Roma  -15 maggio 2014- La riforma della cittadinanza per le seconde generazioni è a portata di mano, purchè la ragionevolezza prevalga sulla propaganda. Anche perché c’è una parte d’Italia che rischia di diventare controparte di questo Paese.

Considerazioni di Marilena Fabbri, deputata del Partito Democratico e relatrice della riforma  della cittadinanza a Montecitorio. Toccherà a lei e alla collega Anna Grazia Calabria di Forza Italia trovare un capo al gomitolo di venti proposte di legge sulle quali la Commissione Affari Costituzionali ricomincia oggi a confrontarsi. E tessere un testo da portare in Aula.

“Il ventaglio di proposte è molto ampio, ci sono quelle dedicate solo ai minori e quelle che parlano anche della naturalizzazione.

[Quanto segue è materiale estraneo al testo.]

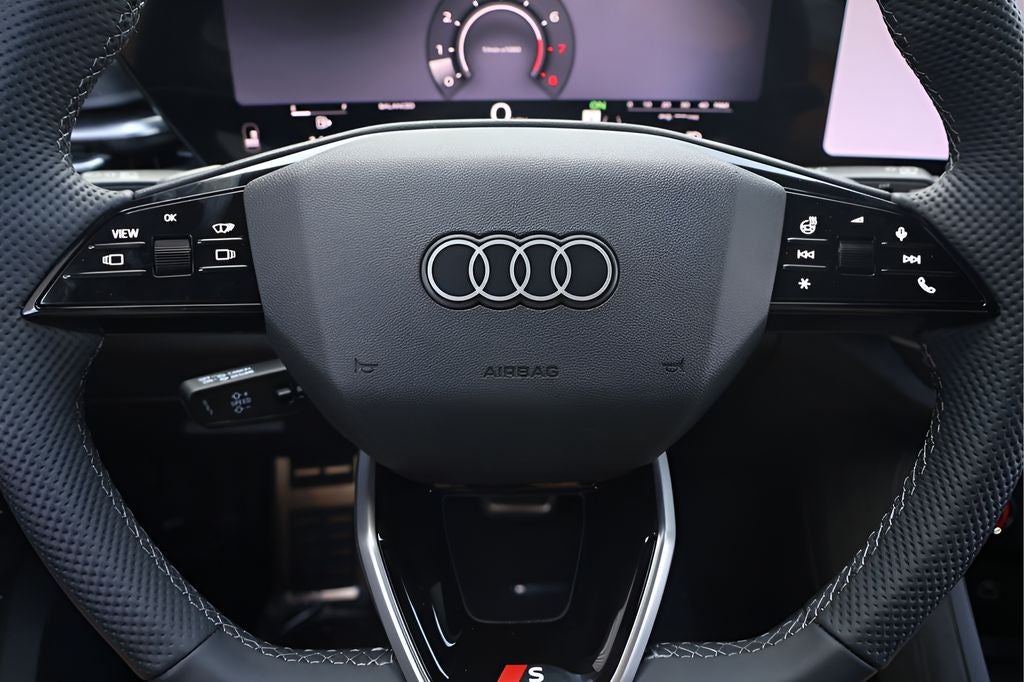 2026 Audi SQ5 Premium Plus quattro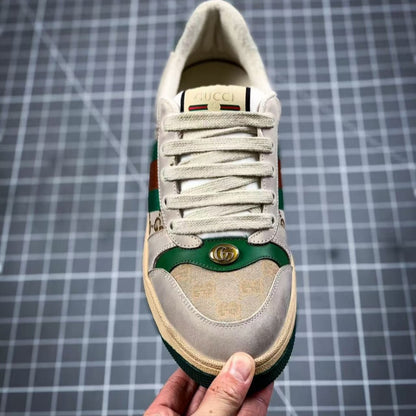 Classic canvas sneakers—high-quality, casual, and stylish.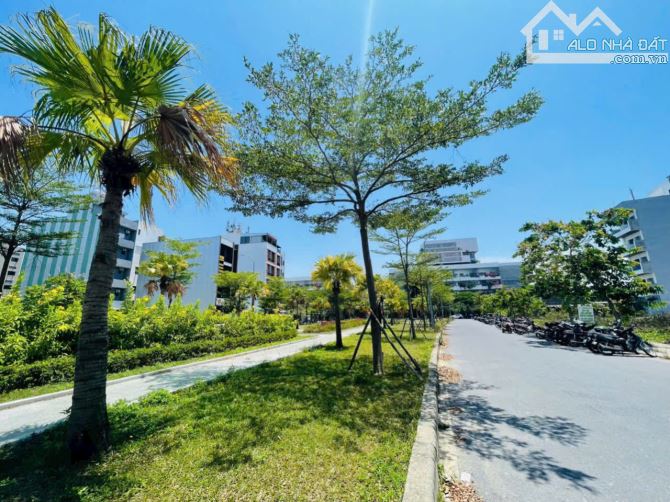 Độc Quyền bán 180m2(7,5x24) khu FPT Đà Nẵng sạch đẹp giá 7ty2 - 1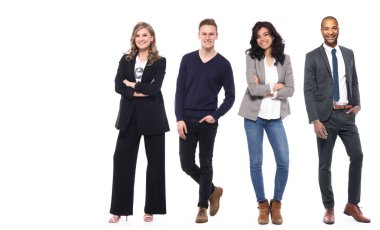 Çok ırklı insanlar kümesi beyaz arka plan üzerinde poz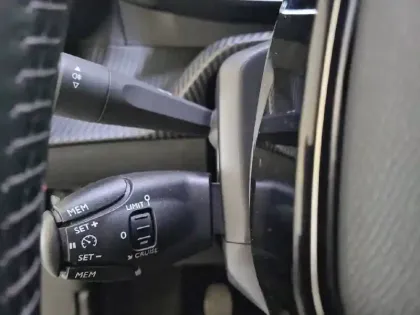 Photo 66 Peugeot 2008  PureTech 100 S&S BVM6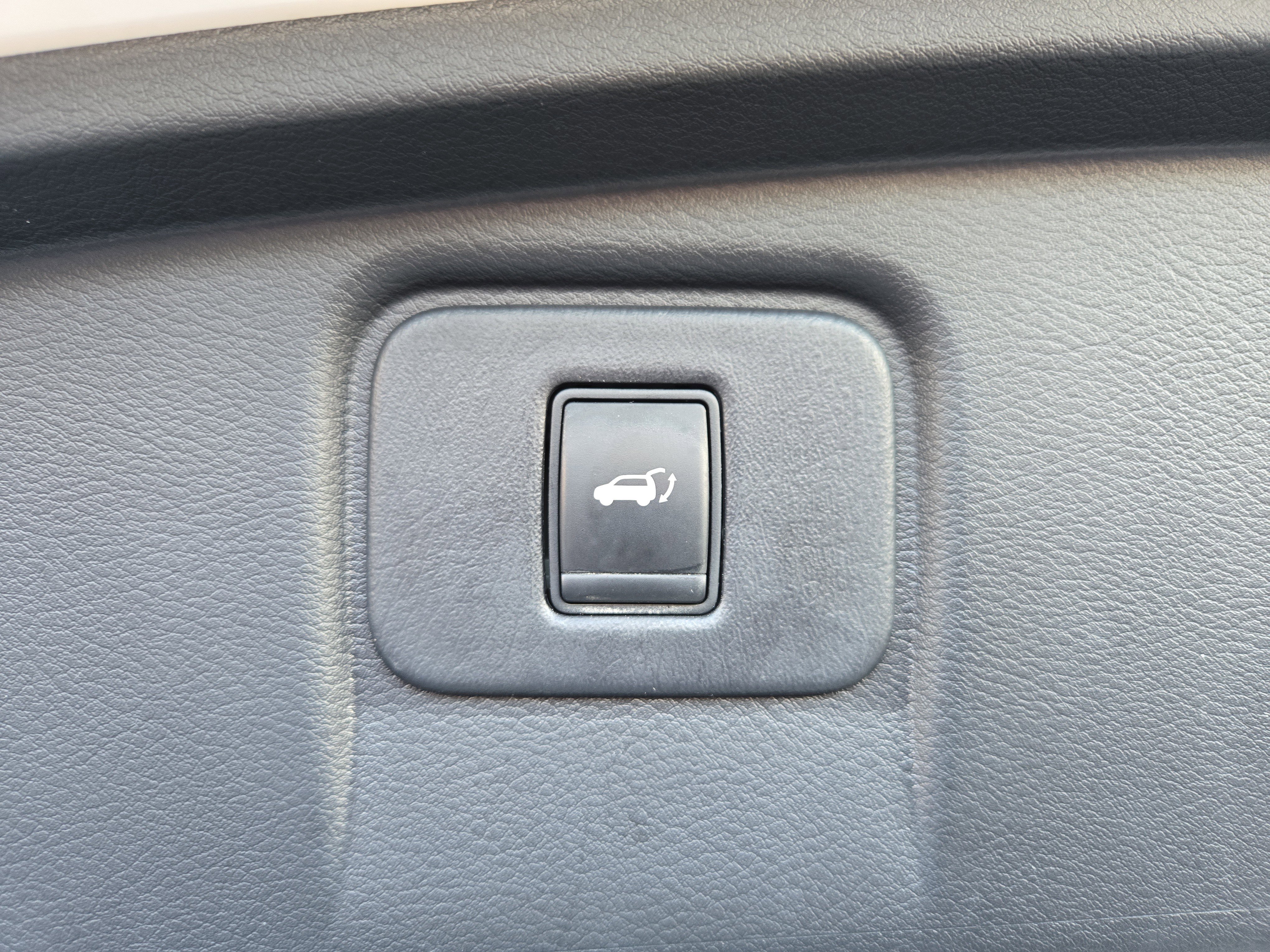 Used 2015 Nissan Murano SL w/ SL Technology Package image 10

Alcune si concentrano sulla cittadinanza per matrimonio, altre sul riacquisto della cittadinanza da parte di cittadini italiani che l’hanno persa molti decenni fa” spiega Fabbri a Stranieriinitalia.it.

Dove si potrà trovare un punto di incontro?
“Per ora, il tema davvero trasversale è quello dei minori. Le seconde generazioni sono l’elemento comunque sul quale mi sembra ci sia la volontà politica di trovare una soluzione”.

E c’è un accordo sulla formula per far diventare italiani anche per legge questi ragazzi?
“Lo cercheremo nelle prossime settimane, dopo le elezioni europee, proprio per evitare che nella discussione entrino posizioni ideologiche: la propaganda deve rimanere fuori dal confronto. Ci sono due nodi da sciogliere: come comportarsi con chi è nato in Italia e cosa fare, invece,per chi è arrivato qui da bambino”.

I percorsi  potrebbero essere diversi?
“Credo che per chi è nato qui la soluzione potrebbe essere più veloce, magari in presenza di altri requisiti come la residenza regolare dei genitori da un certo numero di anni, perché nessuno pensa allo ius soli puro. A chi è arrivato da piccolo si potrebbe chiedere il completamento di un ciclo di studi. Di sicuro non possiamo più pretendere, come oggi, diciotto anni di residenza, tantomeno introdurre ulteriori verifiche di italianità che forse nemmeno tanti italiani sarebbero in grado di superare”.

La maggioranza, da sola, può condurre in porto la riforma?
“Al di là dei numeri della maggioranza di governo, che pure sarebbe in grado di approvare la riforma, io credo che su questo tema ci siano già i presupposti per una maggioranza più ampia. Però è fondamentale evitare ogni posizione strumentale e far entrare in campo la ragionevolezza, perché qui è in gioco la coesione sociale”.

La riforma, insomma, conviene a tutti
Conviene all’Italia. C’è un’intera generazione di ragazzi che crescono qui e che a un certo punto scoprono che l’Italia non li considera italiani, anche se loro si sentono sinceramente e profondamente italiani. Non è coerente, anzichè trattarli come una parte d’Italia, considerarli una sorta di controparte, creando un pericoloso scontro. Questo mentre la demografia ci dice che questo Paese, per sopravvivere, ha bisogno degli immigrati e dei loro figli”.

Che tempi prevede per la riforma?
“Questo dipenderà dalle scelte dei prossimi giorni. Se ci sarà o no la serie di audizioni chiestadal Movimento 5 Stelle [che si aggiungerebbero a quelle, sulla stessa materia, tenute nella scorsa legislatura ndr], e se si sceglierà una proposta già presentata come testo base da emendare oppure se noi relatori dovremo scrivere un testo unificato su cui avviare il confronto”.

Non c’è il rischio di congelare di nuovo la riforma per mesi com’è successo dalla scorsa estate a oggi?
“Non credo, la decisione di calendarizzarla di nuovo in commissione è un segnale importante, così come l’appoggio dichiarato dal governo a una soluzione che esca dal Parlamento. Tutto lascia pensare che ci siano  la volontà e le condizioni per chiudere finalmente la riforma”.